Even though I had a wonderful network of friends to lean on there were times when I simply wanted to take Becky out for a walk alone. I called it exercise but actually I needed to walk down the street with my baby and take in the world outside the confines of our four walls. I needed for just the two of us to breathe outside air, fresh or otherwise. But it was too damn cold.

Because I was an inexperienced mom, I only babysat once in my life, (my mother helped), I needed to prove to myself that on my own I could pack up and head out with my kid, without my husband, my mom or a friend as backup. But where? Where could I go to build my mom-confidence? It was below freezing.

I found the perfect place.

It was with great excitement, and only a little nervousness, I filled Becky’s diaper bag with a two days’ supply of every baby item needed and packed my car with a month’s worth of baby camping supplies. How I fit our ATV sized stroller into our Le Car is still a mystery to me. We were only going for a couple of hours but if I am anything I am prepared.

Got the car warmed up and off we trekked to the new mall in Waterford.

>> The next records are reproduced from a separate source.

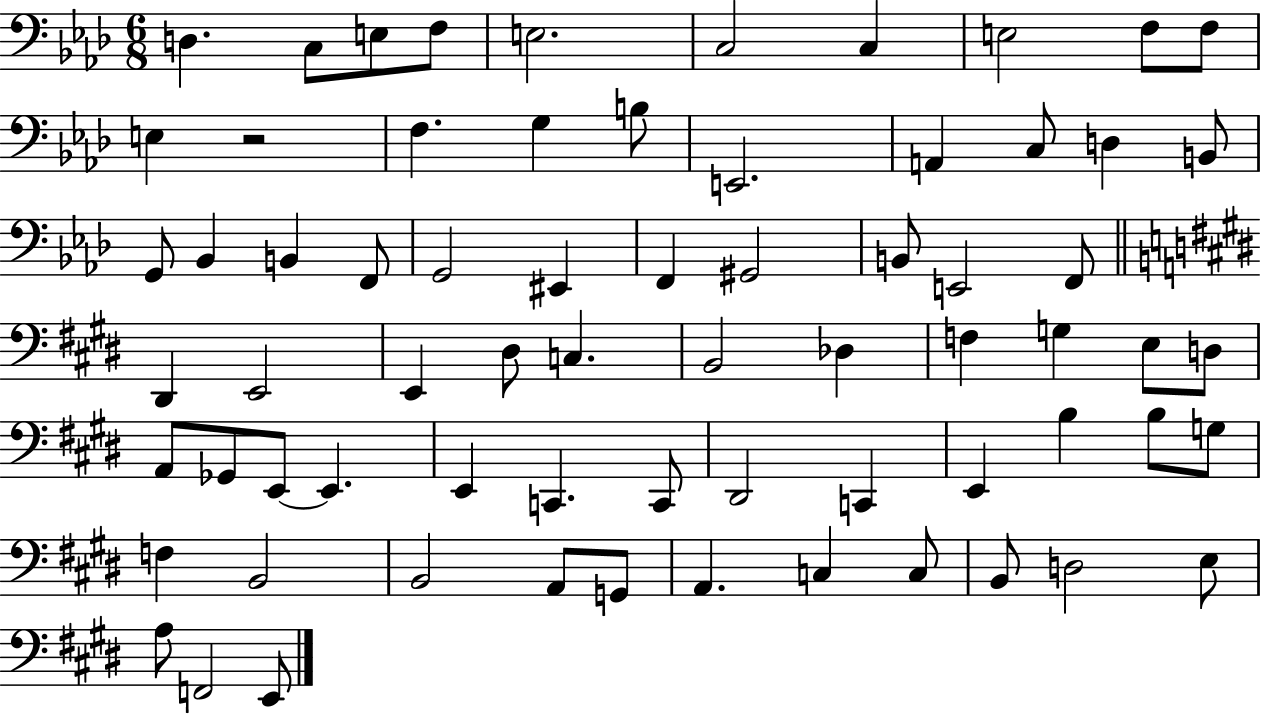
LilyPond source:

{
  \clef bass
  \numericTimeSignature
  \time 6/8
  \key aes \major
  d4. c8 e8 f8 | e2. | c2 c4 | e2 f8 f8 | \break e4 r2 | f4. g4 b8 | e,2. | a,4 c8 d4 b,8 | \break g,8 bes,4 b,4 f,8 | g,2 eis,4 | f,4 gis,2 | b,8 e,2 f,8 | \break \bar "||" \break \key e \major dis,4 e,2 | e,4 dis8 c4. | b,2 des4 | f4 g4 e8 d8 | \break a,8 ges,8 e,8~~ e,4. | e,4 c,4. c,8 | dis,2 c,4 | e,4 b4 b8 g8 | \break f4 b,2 | b,2 a,8 g,8 | a,4. c4 c8 | b,8 d2 e8 | \break a8 f,2 e,8 | \bar "|."
}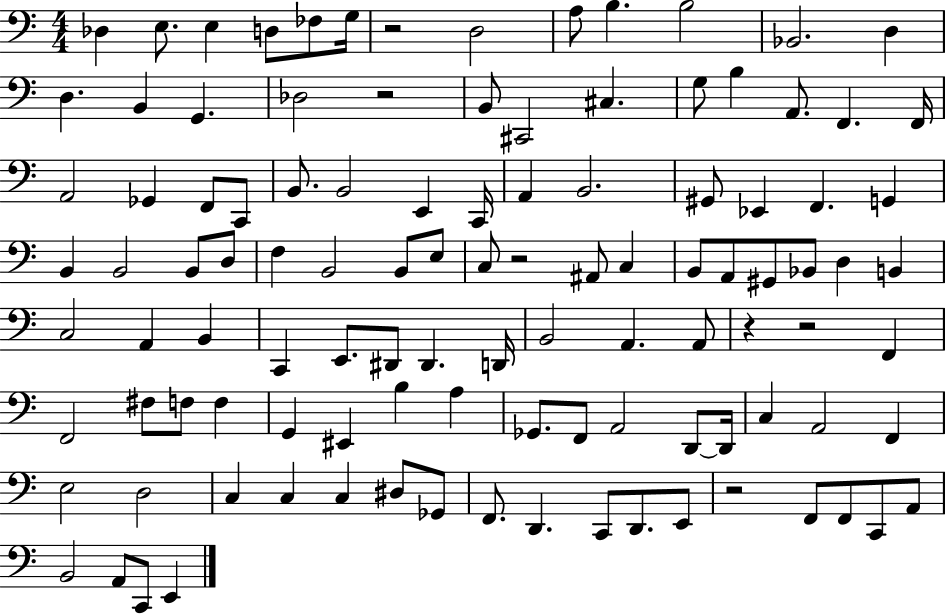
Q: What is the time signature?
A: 4/4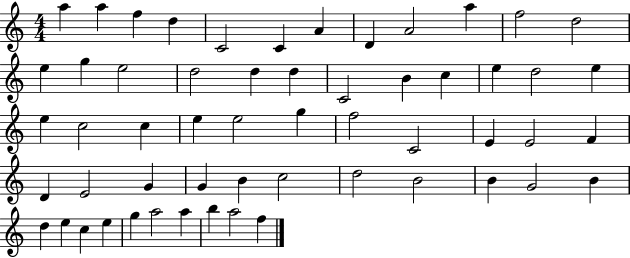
X:1
T:Untitled
M:4/4
L:1/4
K:C
a a f d C2 C A D A2 a f2 d2 e g e2 d2 d d C2 B c e d2 e e c2 c e e2 g f2 C2 E E2 F D E2 G G B c2 d2 B2 B G2 B d e c e g a2 a b a2 f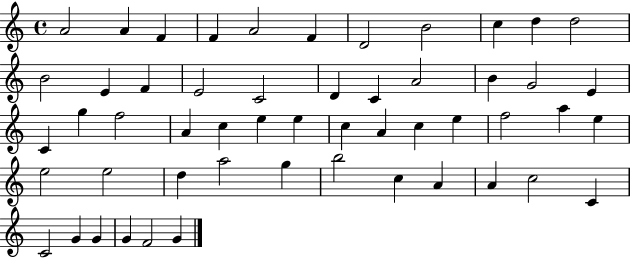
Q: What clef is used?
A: treble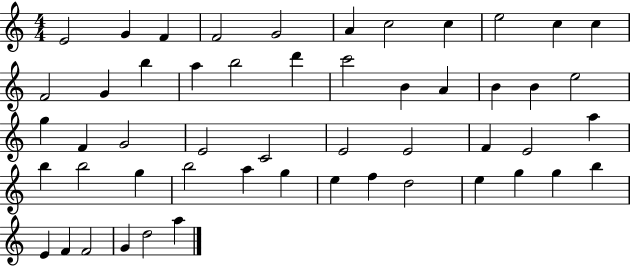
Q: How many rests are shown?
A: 0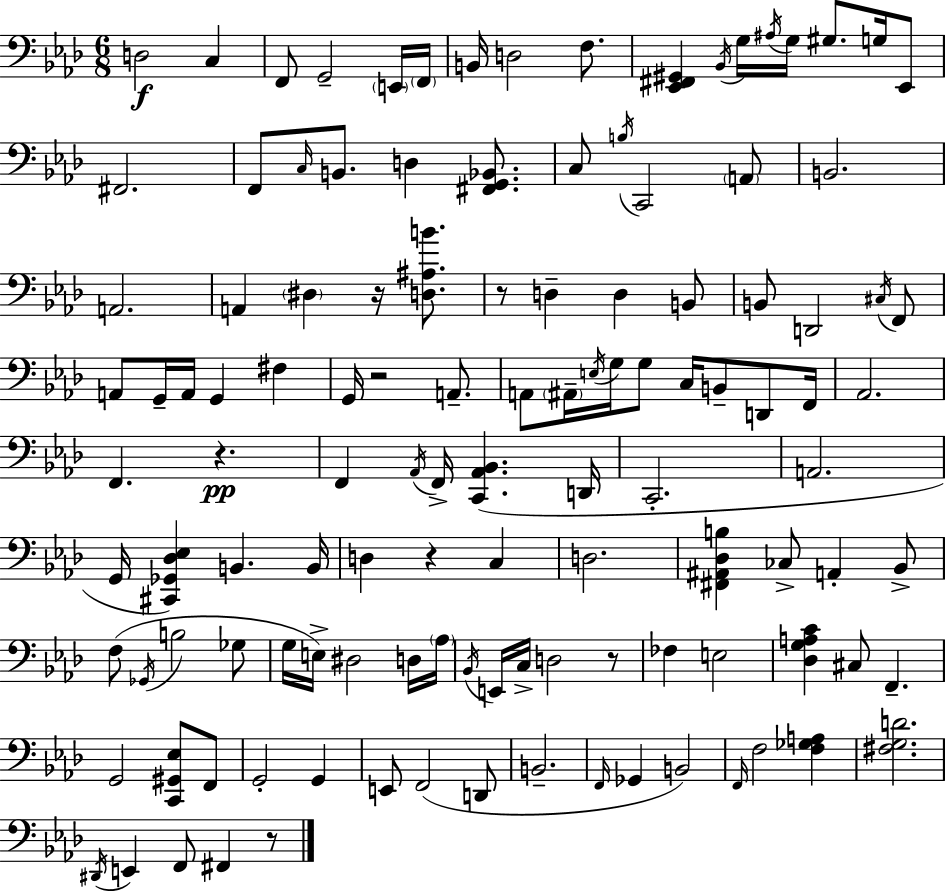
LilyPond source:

{
  \clef bass
  \numericTimeSignature
  \time 6/8
  \key f \minor
  d2\f c4 | f,8 g,2-- \parenthesize e,16 \parenthesize f,16 | b,16 d2 f8. | <ees, fis, gis,>4 \acciaccatura { bes,16 } g16 \acciaccatura { ais16 } g16 gis8. g16 | \break ees,8 fis,2. | f,8 \grace { c16 } b,8. d4 | <fis, g, bes,>8. c8 \acciaccatura { b16 } c,2 | \parenthesize a,8 b,2. | \break a,2. | a,4 \parenthesize dis4 | r16 <d ais b'>8. r8 d4-- d4 | b,8 b,8 d,2 | \break \acciaccatura { cis16 } f,8 a,8 g,16-- a,16 g,4 | fis4 g,16 r2 | a,8.-- a,8 \parenthesize ais,16-- \acciaccatura { e16 } g16 g8 | c16 b,8-- d,8 f,16 aes,2. | \break f,4. | r4.\pp f,4 \acciaccatura { aes,16 } f,16-> | <c, aes, bes,>4.( d,16 c,2.-. | a,2. | \break g,16 <cis, ges, des ees>4) | b,4. b,16 d4 r4 | c4 d2. | <fis, ais, des b>4 ces8-> | \break a,4-. bes,8-> f8( \acciaccatura { ges,16 } b2 | ges8 g16 e16->) dis2 | d16 \parenthesize aes16 \acciaccatura { bes,16 } e,16 c16-> d2 | r8 fes4 | \break e2 <des g a c'>4 | cis8 f,4.-- g,2 | <c, gis, ees>8 f,8 g,2-. | g,4 e,8 f,2( | \break d,8 b,2.-- | \grace { f,16 } ges,4 | b,2) \grace { f,16 } f2 | <f ges a>4 <fis g d'>2. | \break \acciaccatura { dis,16 } | e,4 f,8 fis,4 r8 | \bar "|."
}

The Crystal Mall in Waterford, no I am not getting paid to write this, was the first BIG inside mall for us along the shoreline. Not only was it, and is it, a great center of commerce, it was and is, a great year round Main Street kind of place to walk and push a stroller.

On the first day Becky and I went to the mall I was a pack-horse mom lugging it all. I walked and stopped to gaze in the windows and loved when little old ladies peered in the stroller and smiled.
A short distance from the elevator, on a bench in front of what was originally a cookie store, I fed Becky her first mall bottle. When I think back to that moment of how warm, and safe and proud I felt and how lucky we were to have a place the two of us could go and enjoy the outside world, inside, it brings me to tears.

That day became the first of many. Eventually I went from the ATV stroller to an umbrella stroller to my little girl walking along side and following just as fast as her little legs could go. When our second baby Rachel came along I was a pro. Our supplies, a baby bottle and an extra diaper in my purse.

Just the other day I took my soon to be 3-year-old granddaughter to Waterford. She walked the entire length of the mall twice and spent some time in the little play area while I reminisced about how, with her mother over 30 years ago, I discovered the wonders a weather proof Mall Main Street.